OSU College of Osteopathic Medicine alumna tackles challenges in battling COVID-19
Wednesday, April 28, 2021
Media Contact: Mack Burke | Editorial Coordinator | 405-744-5540 | editor@okstate.edu
OSU education prepared doctor for pandemic
Dr. Julie Ledgerwood, D.O., has spent her career studying viruses and developing vaccines against them through her work with the National Institutes of Health’s Vaccine Research Center (VRC), part of the National Institute of Allergy and Infectious Diseases (NIAID).
But nothing prepared the OSU College of Osteopathic Medicine alumna and her team at the VRC for COVID-19.
“I couldn’t have imagined what it would be like. We’ve been responding and conducting research on outbreaks for almost 20 years in our center, we had a lot of experience, but nothing fully prepared us for this,” said Ledgerwood, who serves as deputy director, chief medical officer and chief of the clinical trials program.
But thanks to her nearly two decades of experience with the VRC, as well as her education and training at OSU-COM, she said she was as prepared as she could be to take on the monumental task of being part of the largest — and fastest — vaccine response in U.S. history.
Research and medicine coincide
While attending Phillips University in Enid, Oklahoma, Ledgerwood spent her summers doing entry-level research projects in the science labs, sparking her interest in research. When she started thinking about medical school, she said she really only considered the two in Oklahoma.
“I really just felt more excited and interested in the OSU-COM campus and the faculty and students I met. The engagement was really positive,” she said. “Growing up in Oklahoma, I had a lot of exposure to D.O. physicians, and I worked in an osteopathic physician’s office in college, so I had a lot of positive experiences with osteopathic medicine in my life. OSU-COM was the obvious choice for me.”
And it only got better once she was attending OSU’s medical school.

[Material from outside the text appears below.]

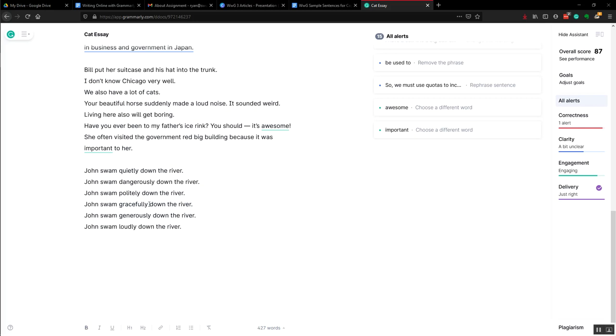But some of these are incorrect. Grammarly does not understand meaning. So you have to be careful about the kinds of words that you use.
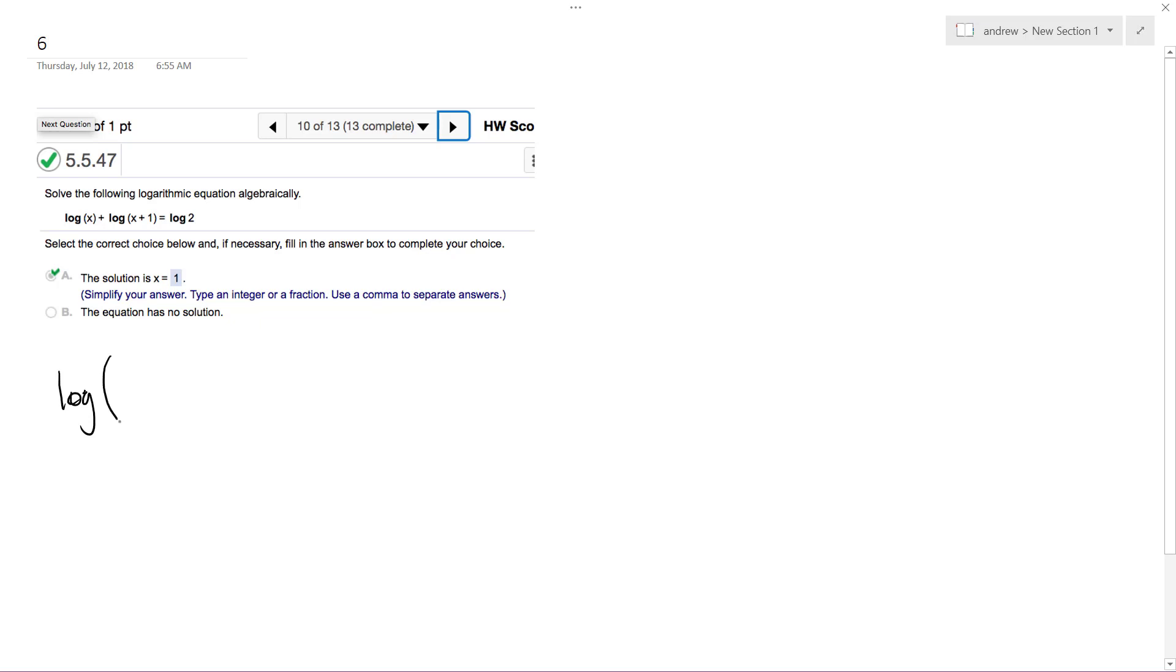So what we'll have, log base 10, we'll have x squared plus x, because you multiply them when you combine them, is equal to log base 10 of 2.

“I loved it— I made really strong friendships and had really great experiences, not only pure educational experiences, but also the rotations I had throughout the state and even outside the state,” Ledgerwood said.
In medical school, she continued to seek out research opportunities as well, spending summers and part of her internship in the immunology and renal physiology labs.
“My interest in research coincided with my interest in medicine, they went hand-in-hand. They were never distinct, they were always coupled,” she said.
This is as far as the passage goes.